CUEVA DE LA RAMERA
Tras el paseo de Los Tilos, bordeando el río Guadiela, puedes subir una escalera vertical, estructura metálica, hasta la entrada de la Cueva en pleno farallón calizo. Desde ahí estás a la altura de los pájaros, de hecho los aviones roqueros, los vencejos y los buitres te reciben con sus vuelos y sus sonidos, unos más ruidosos y otros más majestuosos. Justo en las cornisas de las rocas de enfrente se divisan los pollos de buitre que todavía no han levantado el vuelo. Con unos prismáticos puedes observarlos de cerca, muy cerca.
Cuando te pones el casco con el frontal empiezas a sentir la aventura de penetrar en el interior de la Tierra, la oscuridad, el frío, el silencio y, tras unos minutos, a contemplar los caprichos del agua, el viento, los minerales (te abstraes de los que ha perpetrado el ser humano).
Llama la atención sus habitantes discretos con nuestra presencia, me refiero a los insectos y especialmente a los murciélagos de herradura, de los que vemos sus cantidades ingentes de excrementos. Pisando guano avanzamos, sin verlos, aunque se percibe su presencia de alguna manera.
Las forma geológicas son las propias de las cuevas en rocas calizas. Las estalactitas y estalagmitas en formación sorprenden por todos lados, desde el suelo al techo, cerca y lejos, formando columnas o empezando a ser con sus gotas blancas en las puntas.
Las coladas son muy originales por las formas y los colores, aparecen en sugiriendo animales, construcciones, personajes, en cada nueva estancia tras avanzar unos pasos y avanzar en la incursión. La guía, atenta en todo momento e informando oportunamente, ilumina con su linterna las más llamativas y deja que cada cual observe y vea lo que quiera, sobre todo que se impresione ante la naturaleza fantástica que no para de crear jamás, a su ritmo (millones de años).
En casi una hora de duración, la visita te lleva a sensaciones maravillosas, tomando conciencia de la fragilidad y pequeñez de nuestra especie, de nuestra insignificancia. Debemos tener cuidado ante la grandeza que allí existe, ya sea porque podemos tener un accidente ya por mantener lo que nos encontramos en perfecto estado. No intervenir es la mejor intervención.

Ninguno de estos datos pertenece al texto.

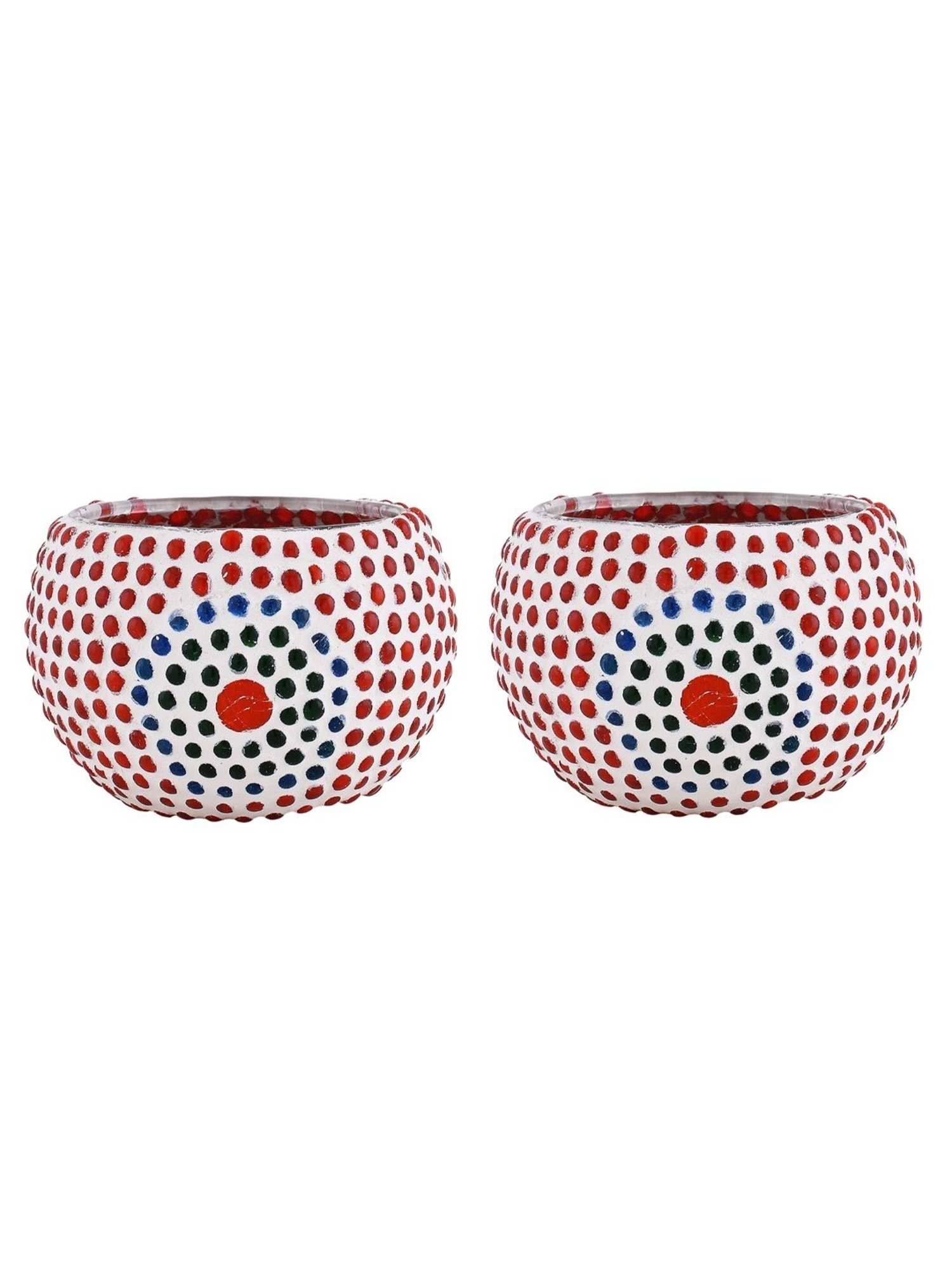 Homesake Round Mosaic Embellished Red Glass Tea Light Candle Holder - Set of 2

Cuando acaba la visita miras el entorno de otro modo. Los enormes farallones de la Hoz ya no te parecen tan compactos, imaginas cuevas en cada oquedad, laberintos interiores habitados de rojizas escolopendras, mosquitos transparentes y silenciosos murciélagos. Sabes que lo que aparece no es todo, falta todo un mundo oculto, fantástico y desconocido.

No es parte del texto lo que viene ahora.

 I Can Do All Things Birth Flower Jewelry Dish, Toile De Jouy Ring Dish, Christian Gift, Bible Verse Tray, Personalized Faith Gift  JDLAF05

Inevitable asociar el paisaje con lo que sabemos de la prehistoria y la vida primitiva en las cuevas y salientes rocosos. Es muy fácil imaginarla, darle sentido, entender las relaciones con la naturaleza ya que somos naturaleza y sentirnos responsables de los cambios con efectos negativos sobre la propia vida, ancestral, presente y futura.
Bajando las escaleras metálicas, la verticalidad desciende con cada escalón y volvemos a ser horizontales en la corriente del río que no para de fluir, cuyas aguas verdes brillan y se oscurecen por la presencia de los tilos centenarios cuyas sombras son de agradecer estos días veraniegos, refrescando y completando el paisaje.

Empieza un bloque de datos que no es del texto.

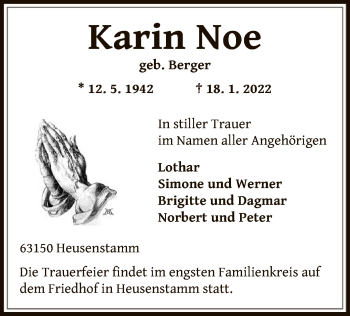 Traueranzeige von Karin Noe von OF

Al final se nos cuenta una leyenda que daría nombre a la cueva, pero como todo, también la leyenda cambia con el tiempo y acaba queriendo eliminar prejuicios arraigados que dañan.
Lo peor es el precio. Cuesta 10 euros por persona entrar a la cueva. Una barbaridad que no tiene sentido porque interviene la administración pública.